WORK ORDER: Leave the pictures out. Return all other data exactly.

MATERIAL PROVIDED below:

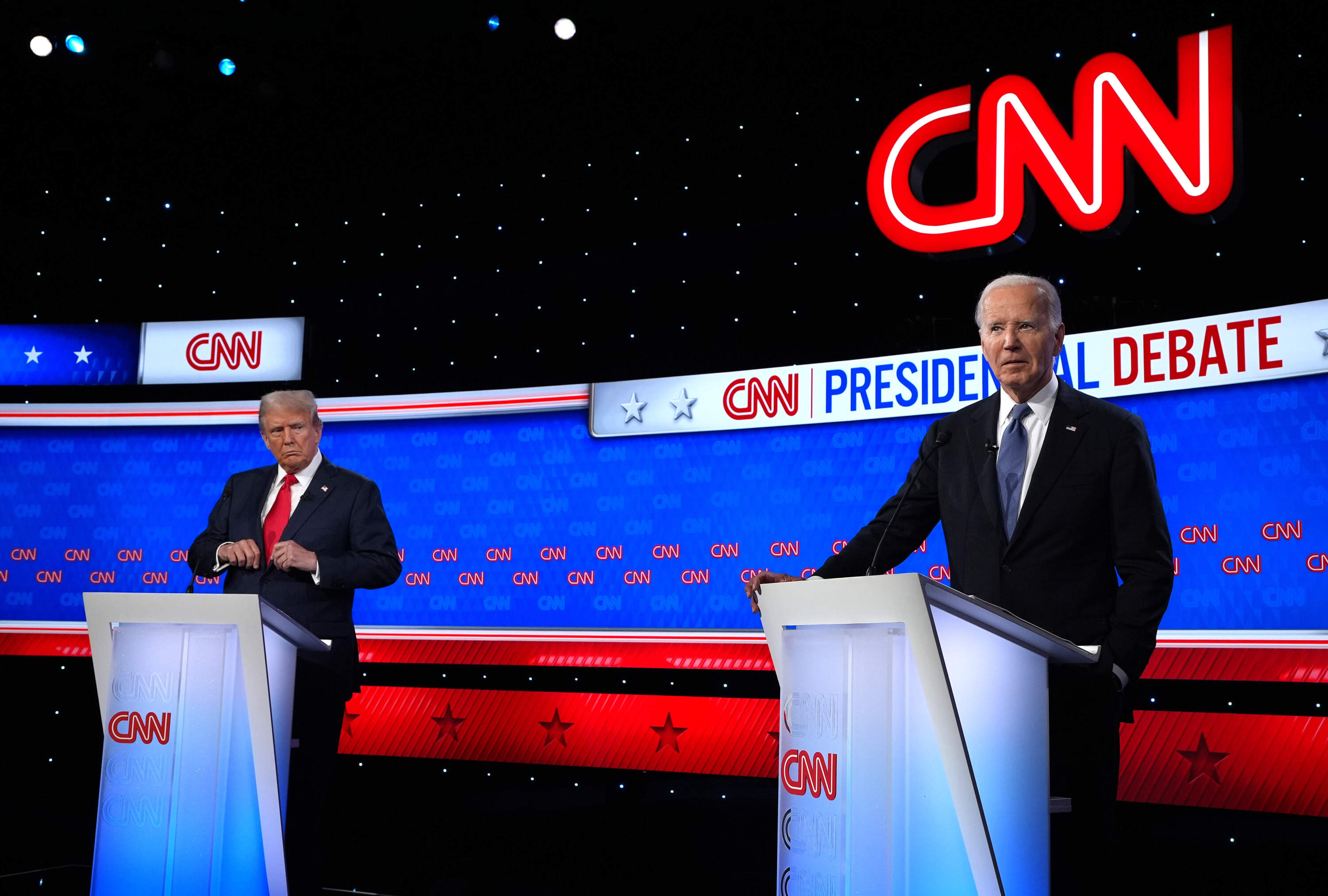 Republican presidential candidate, former U.S. President Donald Trump (L) looks at U.S. President Joe Biden during the CNN Presidential Debate at the CNN Studios on June 27, 2024 in Atlanta, Georgia. President Biden and former President Trump are facing off in the first presidential debate of the 2024 campaign. (Andrew Harnik/Getty Images)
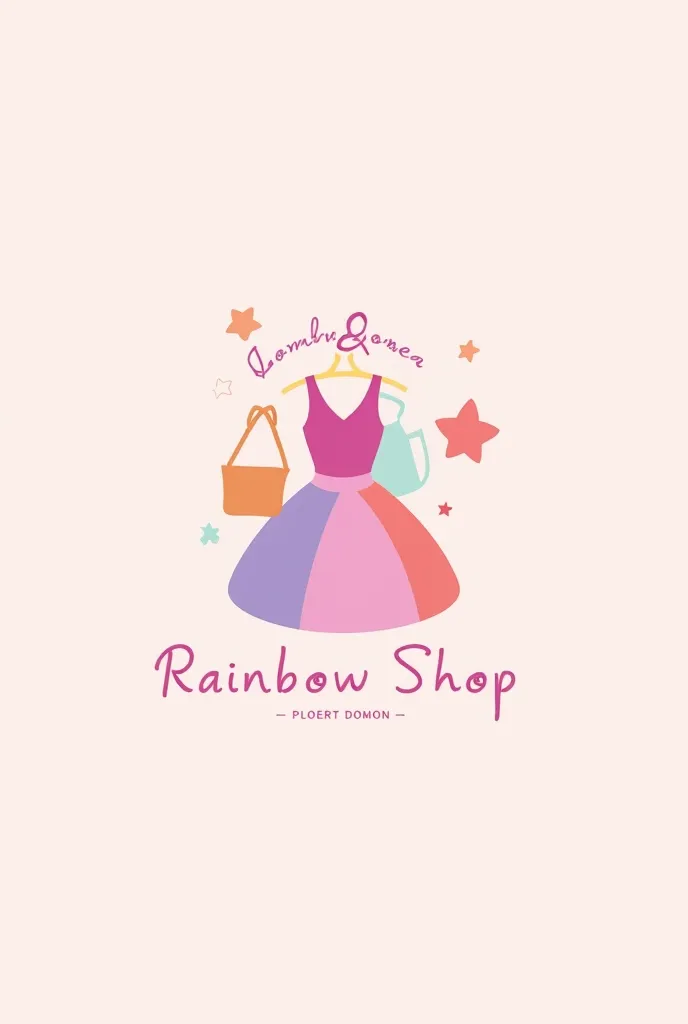 Logo of dress and bag in pastel and colorful tones with the name Rainbow shop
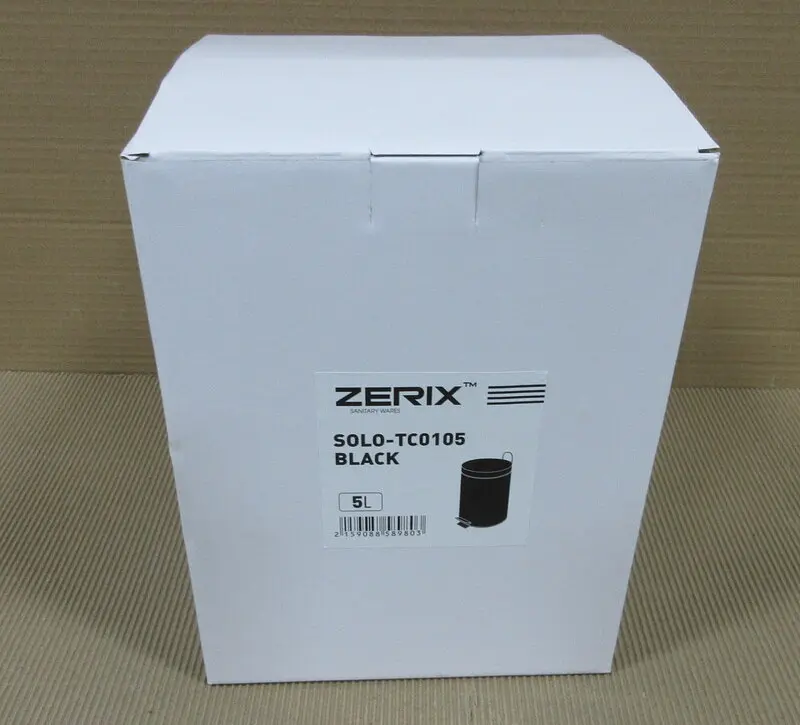 Відро для сміття кругле Zerix Solo-TC0105 5 л чорний black ZX5898, Чорний матовий - фото 5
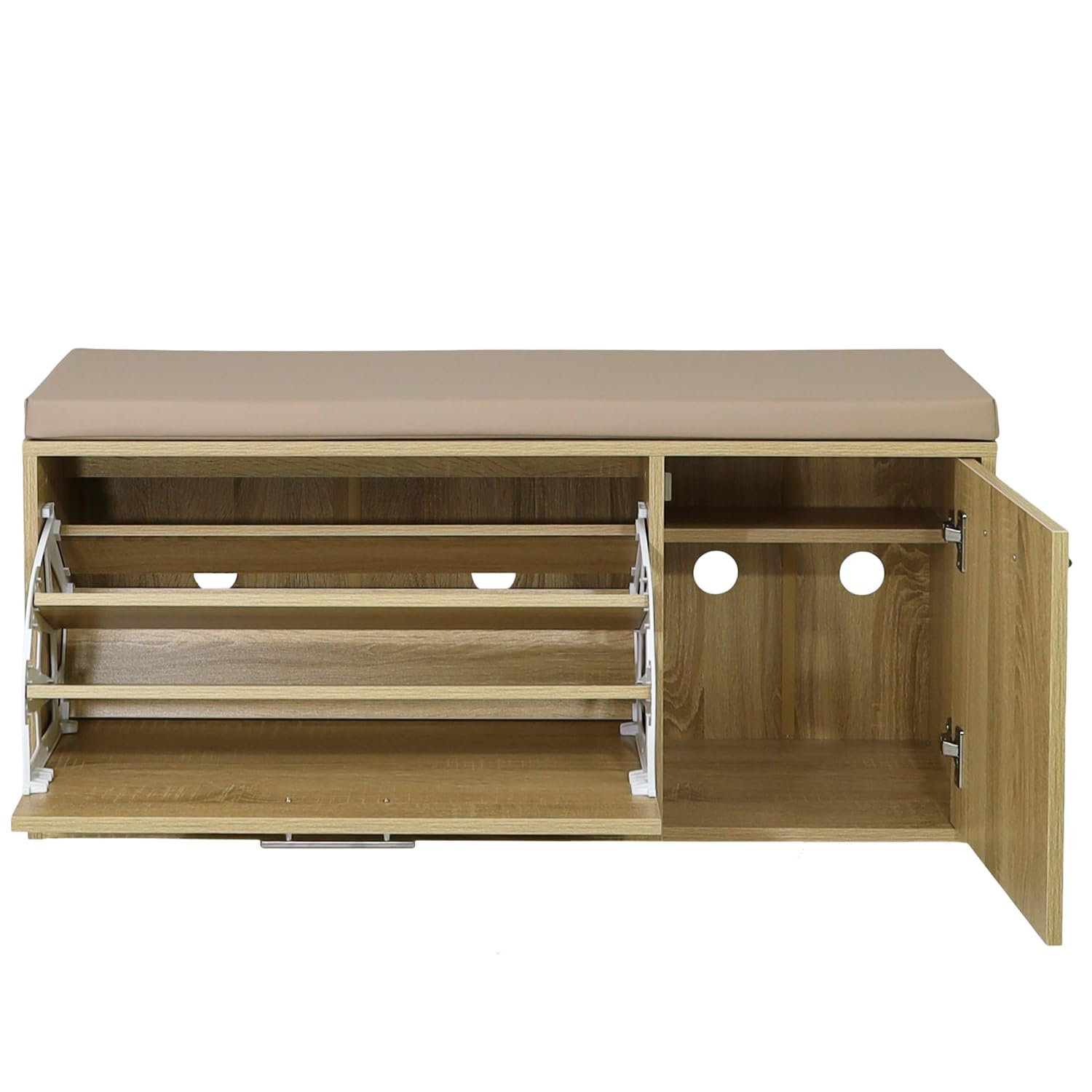 Marvin Scarpiera Panca da Ingresso con Anta – Portascarpe Salvaspazio in Legno con Cuscino Seduta e Anta a Ribalta per Cabina Armadio Corridoio o Camera Design 100x30x46 cm (Rovere/Cuscino Tortora)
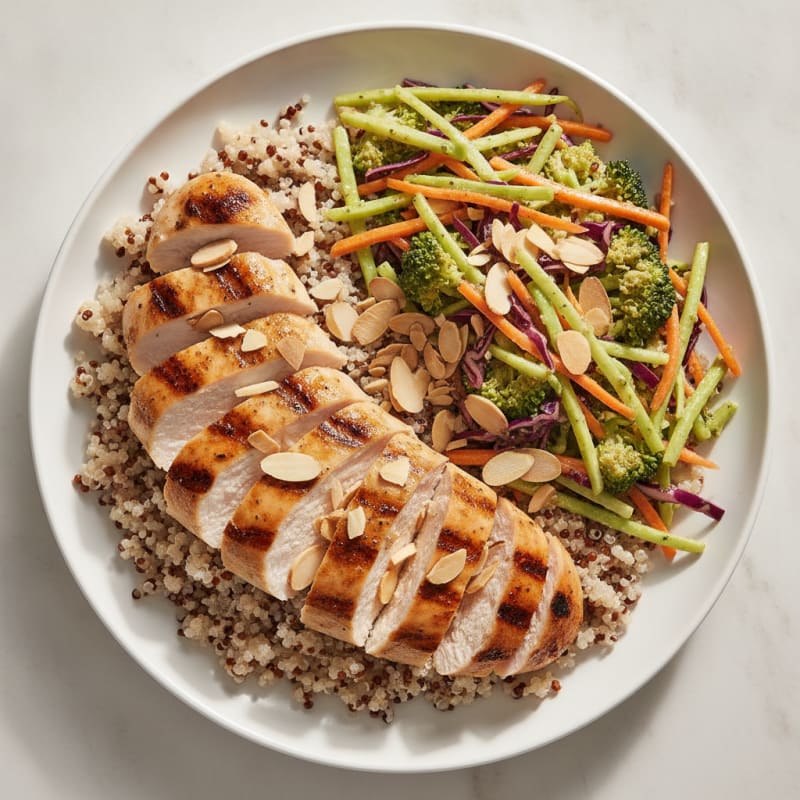 Grilled Chicken Breast with Quinoa and Crunchy Broccoli Slaw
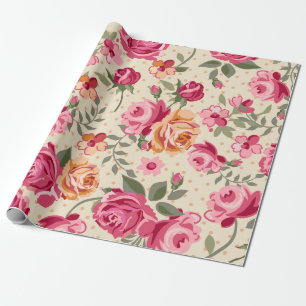 French Pink Roses Wrapping Paper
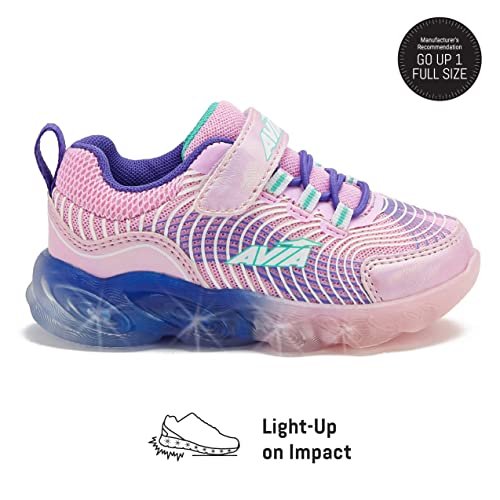 Avia Ignite Slip On Led Light Up Toddler And Little Kid Sneakers - Lightweight Tennis, Athletic, Running Shoes For Girls - Light Pink/Teal Green, 5 Toddler #TOP2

End of MATERIAL PROVIDED.

EXERCISE SOLUTION:
 Republican presidential candidate, former U.S. President Donald Trump (L) looks at U.S. President Joe Biden during the CNN Presidential Debate at the CNN Studios on June 27, 2024 in Atlanta, Georgia. President Biden and former President Trump are facing off in the first presidential debate of the 2024 campaign. (Andrew Harnik/Getty Images)
 Logo of dress and bag in pastel and colorful tones with the name Rainbow shop
 Відро для сміття кругле Zerix Solo-TC0105 5 л чорний black ZX5898, Чорний матовий - фото 5
 Marvin Scarpiera Panca da Ingresso con Anta – Portascarpe Salvaspazio in Legno con Cuscino Seduta e Anta a Ribalta per Cabina Armadio Corridoio o Camera Design 100x30x46 cm (Rovere/Cuscino Tortora)
 Grilled Chicken Breast with Quinoa and Crunchy Broccoli Slaw
 French Pink Roses Wrapping Paper
 Avia Ignite Slip On Led Light Up Toddler And Little Kid Sneakers - Lightweight Tennis, Athletic, Running Shoes For Girls - Light Pink/Teal Green, 5 Toddler #TOP2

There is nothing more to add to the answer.